Skeleton of the MMHC algorithm {Rfast2} | R Documentation |
The skeleton of a Bayesian network learned with the MMHC algorithm
Description
The skeleton of a Bayesian network learned with the MMHC algorithm.
Usage
mmhc.skel(x, method = "pearson", max_k = 3, alpha = 0.05,
ini.stat = NULL, R = NULL, parallel = FALSE)
Arguments
x |
A numerical matrix with the variables. If you have a data.frame (i.e. categorical data) turn them into a matrix
using |
method |
If you have continuous data, this "pearson". If you have categorical data though, this must be "cat". In this case, make sure the minimum value of each variable is zero. The function "g2Test" in the R package Rfast and the relevant functions work that way. |
max_k |
The maximum conditioning set to use in the conditional indepedence test (see Details). Integer, default value is 3. |
alpha |
The significance level (suitable values in (0, 1)) for assessing the p-values. Default value is 0.05. |
ini.stat |
If the initial test statistics (univariate associations) are available, pass them through this parameter. |
R |
If the correlation matrix is available, pass it here. |
parallel |
Set this to TRUE for parallel computations. |
Details
The max_k option: the maximum size of the conditioning set to use in the conditioning independence test.
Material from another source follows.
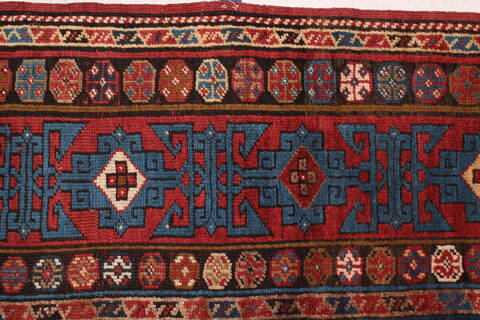 Shirvan Blue Hand Knotted 46 X 82  Area Rug 400-16472 Image 6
Larger values provide more accurate results, at the cost of higher computational times. When the sample size is
small (e.g., <50
observations) the max_k parameter should be 3 for example, otherwise the conditional
independence test may not be able to provide reliable results.
Value
A list including:
ini.stat |
The test statistics of the univariate associations. |
ini.pvalue |
The initial p-values univariate associations. |
pvalue |
A matrix with the logarithm of the p-values of the updated associations. This final p-value is the maximum p-value among the two p-values in the end. |
runtime |
The duration of the algorithm. |
ntests |
The number of tests conducted during each k. |
G |
The adjancency matrix. A value of 1 in G[i, j] appears in G[j, i] also, indicating that i and j have an edge between them. |
Author(s)
Michail Tsagris and Stefanos Fafalios.
R implementation and documentation: Michail Tsagris mtsagris@uoc.gr and Stefanos Fafalios stefanosfafalios@gmail.com.
References
Tsamardinos, I., Aliferis, C. F. and Statnikov, A. (2003). Time and sample efficient discovery of Markov blankets and direct causal relations. In Proceedings of the ninth ACM SIGKDD International Conference on Knowledge Discovery and Data Mining (pp. 673-678). ACM.
Brown, L. E., Tsamardinos, I. and Aliferis, C. F. (2004). A novel algorithm for scalable and accurate Bayesian network learning. Medinfo, 711-715.
Tsamardinos I., Brown E.L. and Aliferis F.C. (2006). The max-min hill-climbing Bayesian network structure learning algorithm. Machine Learning 65(1):31-78.
See Also
Examples
# simulate a dataset with continuous data
x <- matrix( rnorm(300 * 30, 1, 100), nrow = 300 )
a <- mmhc.skel(x)